Tom Lane wrote:
> Jack Orenstein <jack.orenstein@hds.com> writes:
>> Limit (cost=0.00..324.99 rows=100 width=451)
>> -> Index Scan using t_pkey on t (cost=0.00..296027.98 rows=91088 width=451)
>> Index Cond: (pk > 1000000000)
>
>> Adding the value restriction at the top of this query plan wouldn't increase the
>> cost very much.
>
> You're missing the point: with the value restriction in place, it's
> estimating that it will probably have to scan all 91000 rows (because
> there are fewer than 100 satisfying the value restriction).

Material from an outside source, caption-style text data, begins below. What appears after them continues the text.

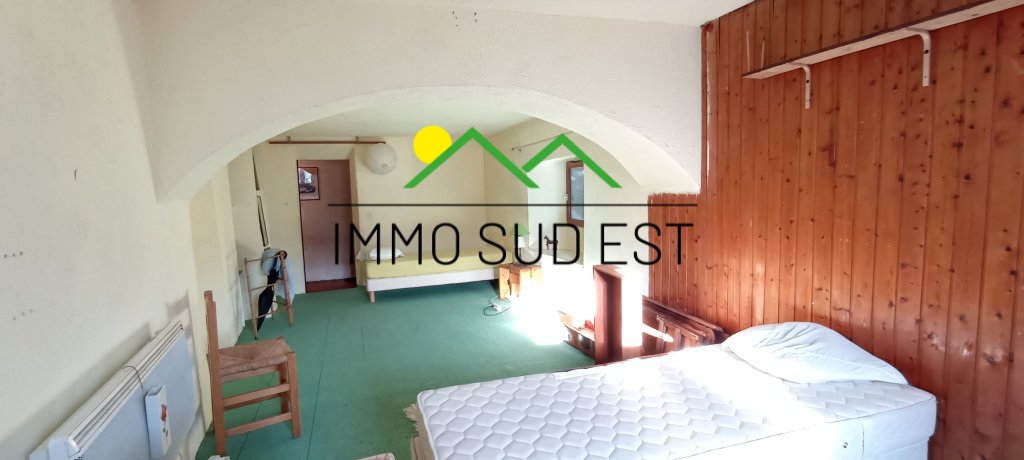 APPARTEMENT T4 A VENDRE - VALEZAN BOURG 10 KM - 122 m2 - 160 000 €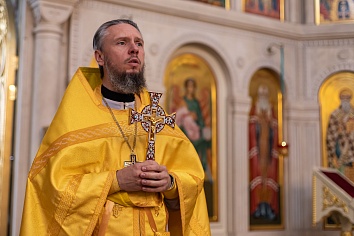 Божественная Литургия в воскресенье, на неделе первой по Пятидесятнице, Всех святых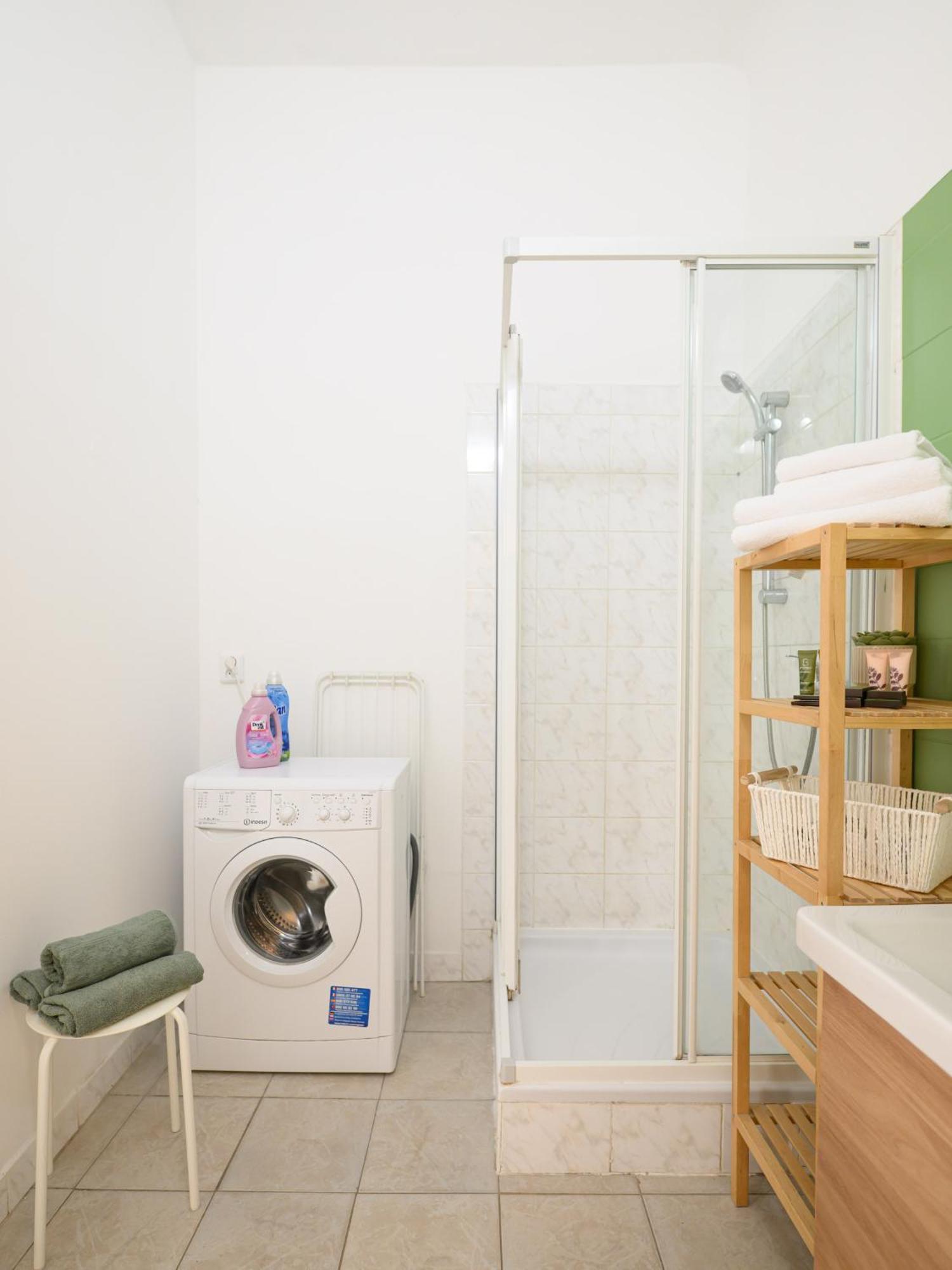 7 Nights Apartments Dominikanske N. Бърно Екстериор снимка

And that
> is going to cost somewhere north of 296027 cost units --- the cost
> shown, plus 91000 invocations of the value-restriction check.
> Which is considerably more than the cost of the other plan.
I see -- the optimizer is calculating that it will have to examine a very large
fraction of the rows.
Actually, pk and value are highly correlated. If a row gets past the index scan,
odds are very high that the value predicate will evaluate to true. So I am sure
that the index scan is the right way to go. I'm just trying to convince the
optimizer of this.
One thing I am considering is introducing a function with high execution cost.
E.g., if I do this:
create function return_input(bytea) returns bytea
as '
begin
return $1;
end;
' language 'plpgsql' cost 10000;
explain
select *
from t
where pk > 1000000
and return_input(value = 'asdf'::bytea)
order by pk
limit 100;
then I get the plan I want.
Limit (cost=0.00..563490.32 rows=100 width=451)
-> Index Scan using t_pkey on t (cost=0.00..34226402.07 rows=6074 width=451)
Index Cond: (pk > 1000000)
Filter: (return_input(value) = 'asdf'::bytea)
Is there a more elegant way of forcing the plan that I want?
Jack